The festival has many names: Autumn Remembrance, Festival of High Places, and Double-Ninth. Just like the Ching Ming Festival, which happens every spring, it is a special day for families to visit the ancestor memorials in Hong Kong. Many cemeteries in Hong Kong are constructed onto hilly areas and this leads to the combination of visiting graves and hiking to celebrate Chung Yeung.

The Chung Yeung festival is held on the ninth day of the ninth lunar month. In ancient times, it was marked by climbing a mountain in the belief that this will help avoid plague and evil demons. In fact, the origin of the festival relates to a man named Heng Jing, who believed that a monster would bring pestilence to his village. He told his countrymen to hide on a hill while he went to defeat the monster, which he succeeded in doing, thus saving his community.

To protect against danger today, it is customary to climb a high mountain, drink chrysanthemum liquor, and wear the zhuyu (茱萸) plant, Cornus officinalis. Both chrysanthemum and zhuyu are considered to have cleansing qualities and are used on other occasions to air out houses and cure illnesses. Other activities include enjoying a cosy picnic with their loved ones and flying kites. Some people believe that flying kites takes away bad omens up in the sky.

In 1966, Taiwan rededicated the holiday as “Senior Citizens’ Day”, underscoring one custom as it is observed in China, where the festival is also an opportunity to care for and appreciate the elderly.

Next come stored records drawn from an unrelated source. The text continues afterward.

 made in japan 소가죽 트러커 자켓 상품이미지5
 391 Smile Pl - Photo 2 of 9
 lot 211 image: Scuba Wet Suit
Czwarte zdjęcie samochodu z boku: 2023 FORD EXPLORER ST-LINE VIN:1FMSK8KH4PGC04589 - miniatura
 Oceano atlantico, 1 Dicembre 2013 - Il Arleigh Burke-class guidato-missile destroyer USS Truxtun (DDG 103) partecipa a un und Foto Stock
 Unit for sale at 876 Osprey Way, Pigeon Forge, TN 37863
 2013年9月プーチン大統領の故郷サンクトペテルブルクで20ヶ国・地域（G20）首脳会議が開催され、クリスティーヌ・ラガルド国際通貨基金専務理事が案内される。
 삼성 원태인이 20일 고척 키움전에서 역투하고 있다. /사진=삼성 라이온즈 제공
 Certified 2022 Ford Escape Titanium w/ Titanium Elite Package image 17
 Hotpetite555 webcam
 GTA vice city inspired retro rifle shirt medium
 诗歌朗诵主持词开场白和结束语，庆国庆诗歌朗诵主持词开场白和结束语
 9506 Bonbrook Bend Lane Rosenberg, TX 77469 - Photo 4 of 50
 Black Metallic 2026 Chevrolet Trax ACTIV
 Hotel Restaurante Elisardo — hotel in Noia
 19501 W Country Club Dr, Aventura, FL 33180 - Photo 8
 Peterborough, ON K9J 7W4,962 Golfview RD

There is an oft-quoted poem about the holiday, Double Ninth, Remembering my Shandong Brothers (九月九日憶山東兄弟), by the Tang Dynasty poet Wang Wei:

獨在異鄉為異客,dú zài yì xiāng wéi yì kè

每逢佳節倍思親。měi féng jiā jié bèi sī qīn

遙知兄弟登高處,yáo zhī xiōng dì dēng gāo chù

遍插茱萸少一人。biàn chā zhū yú shǎo yì rén


Being Alone alien in a foreign land,

Every holiday is accompanied by reminiscences of one’s kith and kin.

Knowing from afar, the heights one’s elder and younger brothers have scaled

Aside wearing Cornus officinalis, there is one soul less, amiss.